◆ Activity ◆
Here are records with pictures in them. Copy all of them exactly and leave the pictures out.
[[ Records to process open ]]
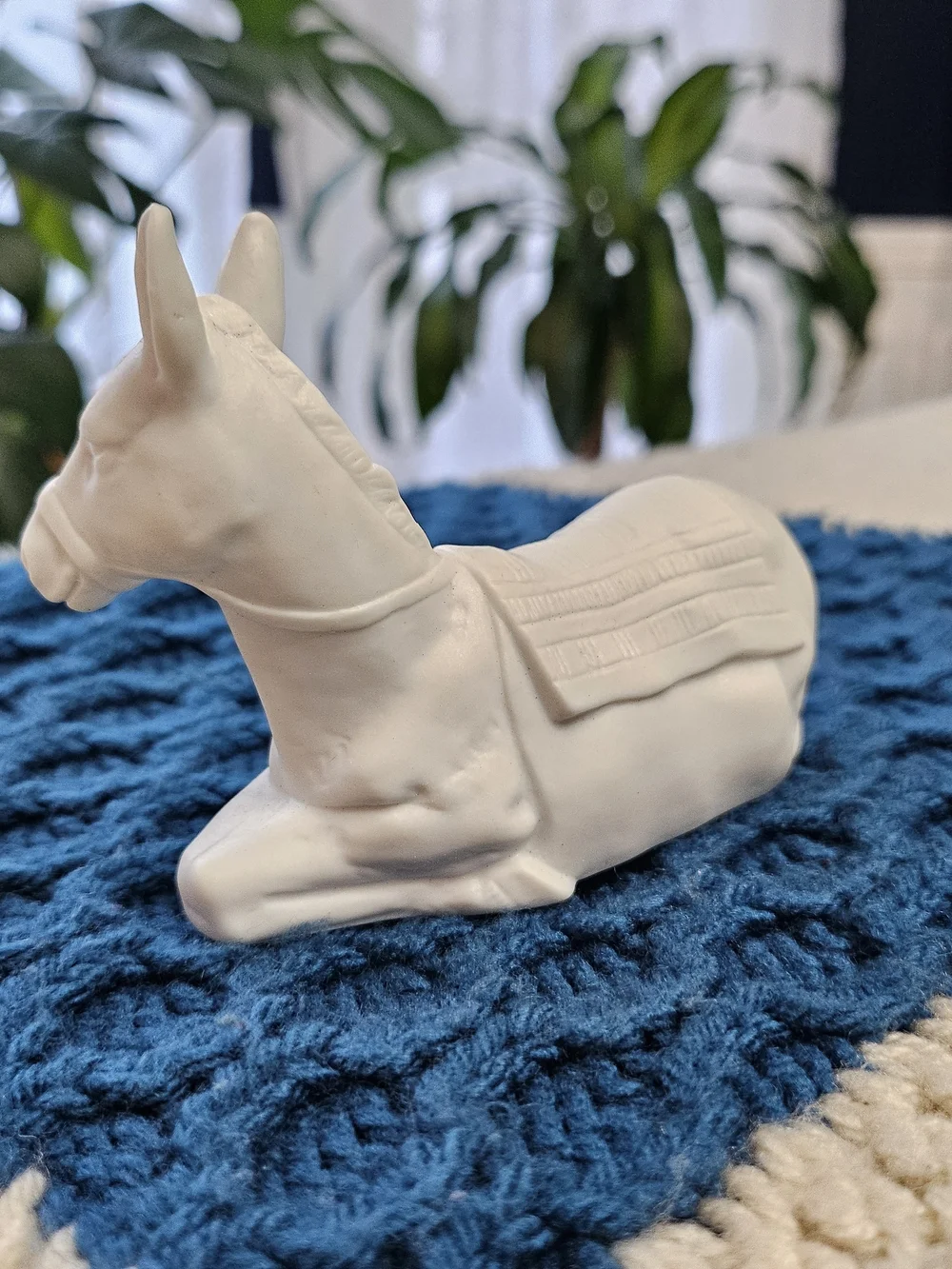 Avon Nativity Collectibles The Donkey Porcelain Figurine 1984 Vintage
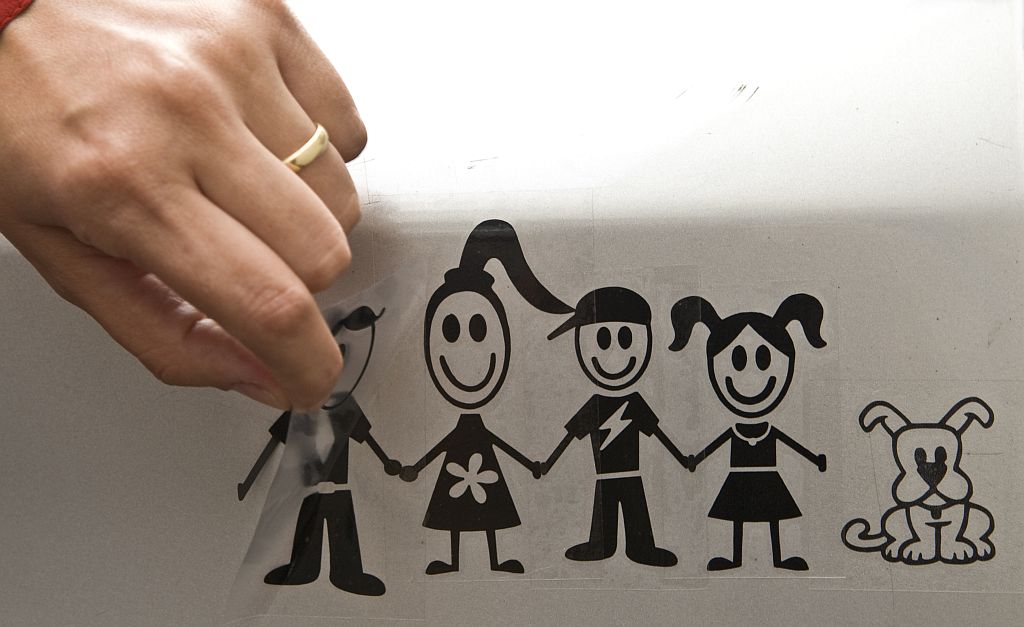 Pai, mãe e filho: adesivos para carros são vendidos separadamente, o que permite montar famílias com diversas formações | Antonio Costa / Gazeta do Povo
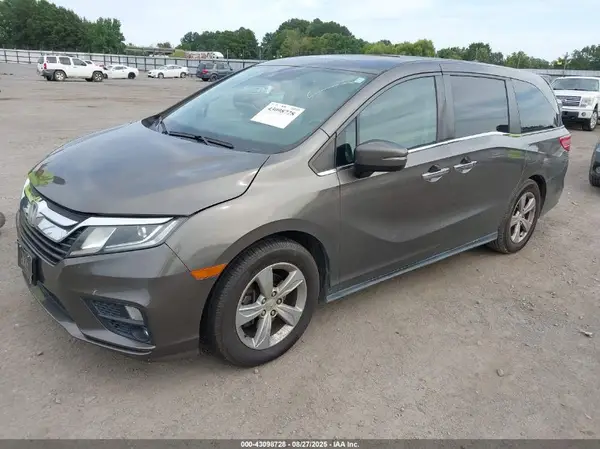 5FNRL6H77JB054420 2018 HONDA ODYSSEY - Image 2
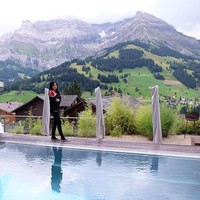 Titi tampak sangat menikmati liburannya di Swiss. (Instagram/titi_kamall)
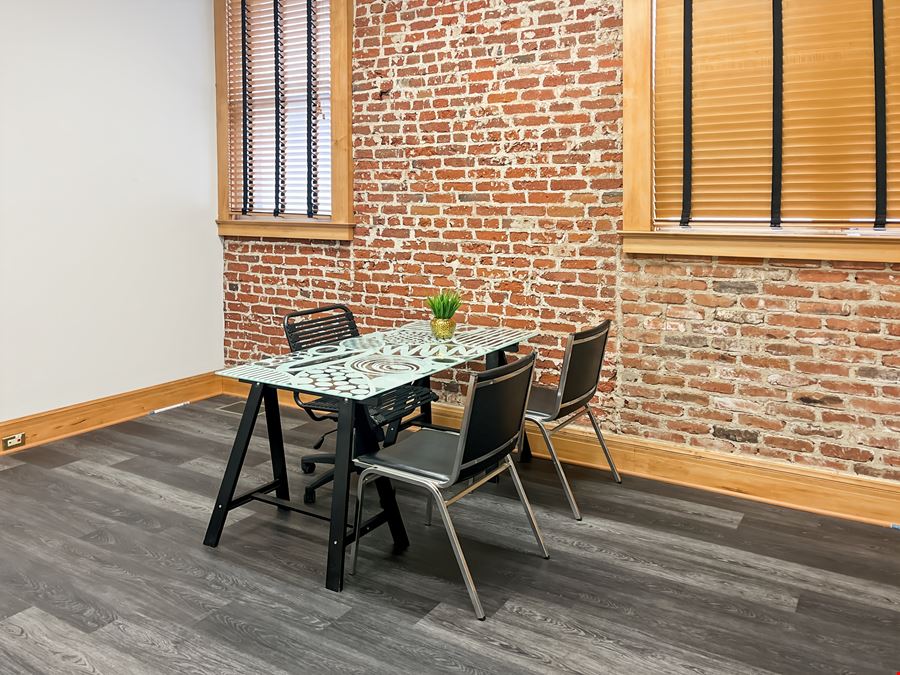 CA, Bakersfield - Eye St.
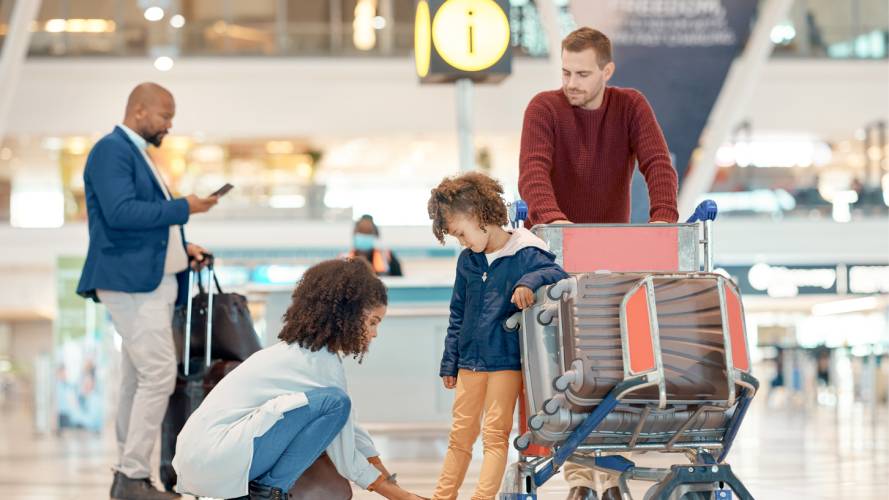 Familie_pa_flyplass_mor_knyter_skolissene_reise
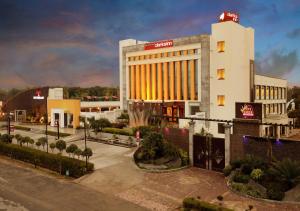 Imagen de la galería de M B Greens Clarks Inn, en Morādābād 45 fotos más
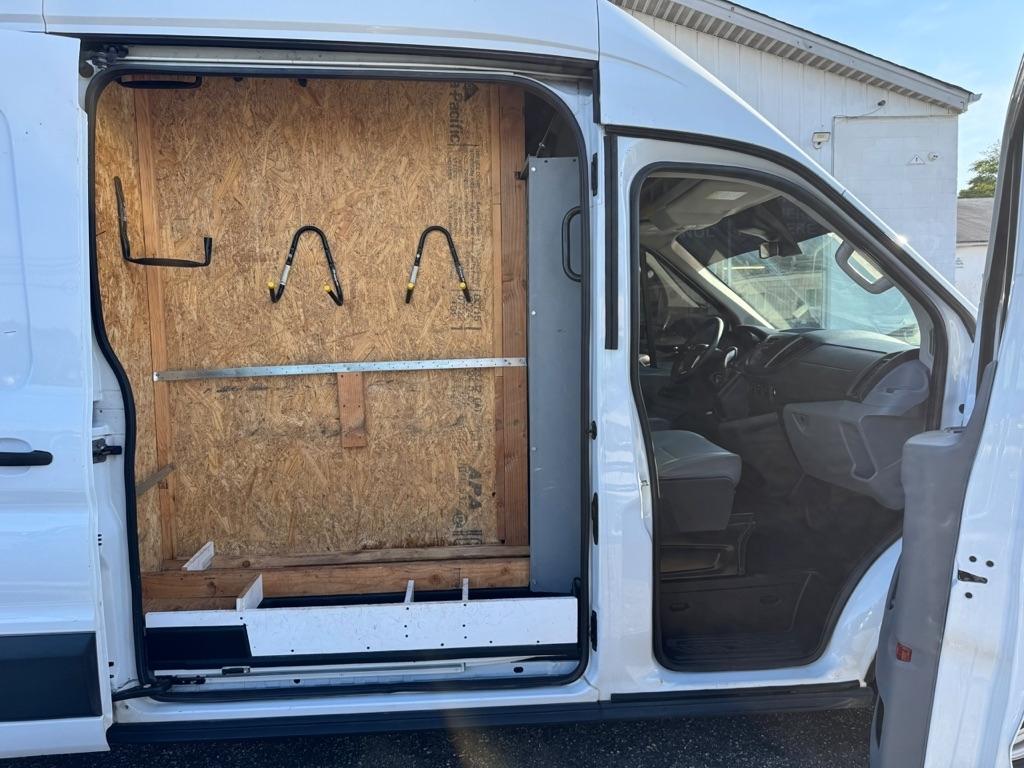 Ford Transit 250 Van High Roof w/Sliding Pass. 148-in. WB 2019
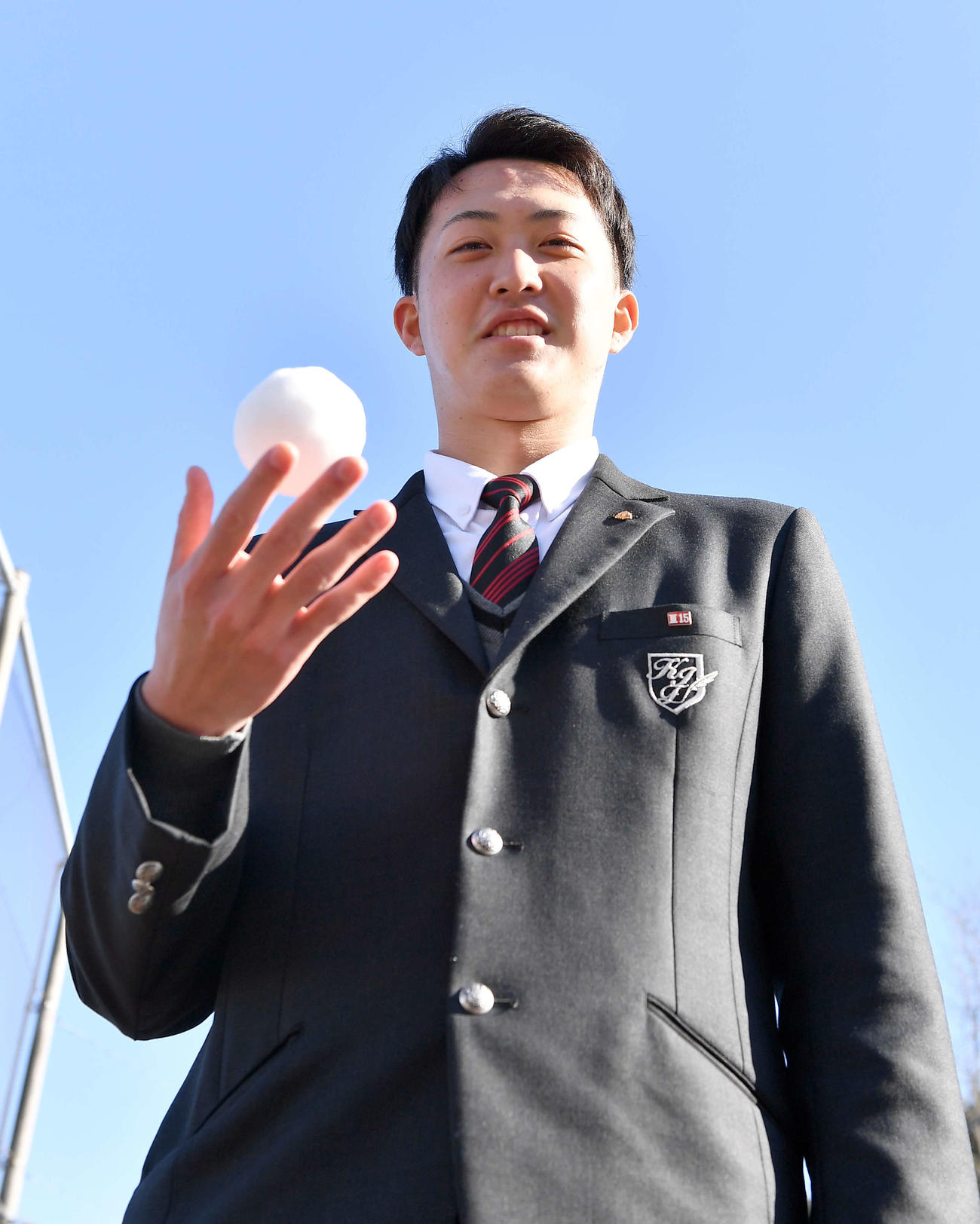 勇翔寮に入寮し雪玉を手に笑顔を見せる日本ハム育成3位柳川（代表撮影）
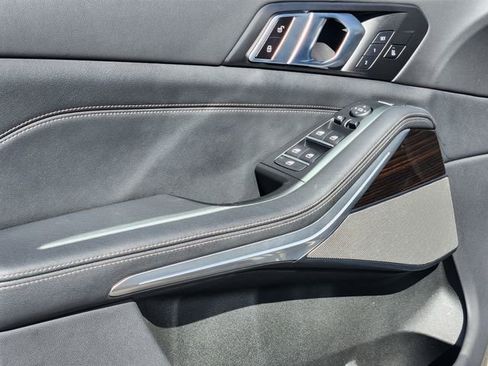 Used 2024 BMW X5 xDrive40i image 10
[[ Records to process closed ]]
◆ Exercise output ◆
 Avon Nativity Collectibles The Donkey Porcelain Figurine 1984 Vintage
 Pai, mãe e filho: adesivos para carros são vendidos separadamente, o que permite montar famílias com diversas formações | Antonio Costa / Gazeta do Povo
 5FNRL6H77JB054420 2018 HONDA ODYSSEY - Image 2
 Titi tampak sangat menikmati liburannya di Swiss. (Instagram/titi_kamall)
 CA, Bakersfield - Eye St.
 Familie_pa_flyplass_mor_knyter_skolissene_reise
 Imagen de la galería de M B Greens Clarks Inn, en Morādābād 45 fotos más
 Ford Transit 250 Van High Roof w/Sliding Pass. 148-in. WB 2019
 勇翔寮に入寮し雪玉を手に笑顔を見せる日本ハム育成3位柳川（代表撮影）
 Used 2024 BMW X5 xDrive40i image 10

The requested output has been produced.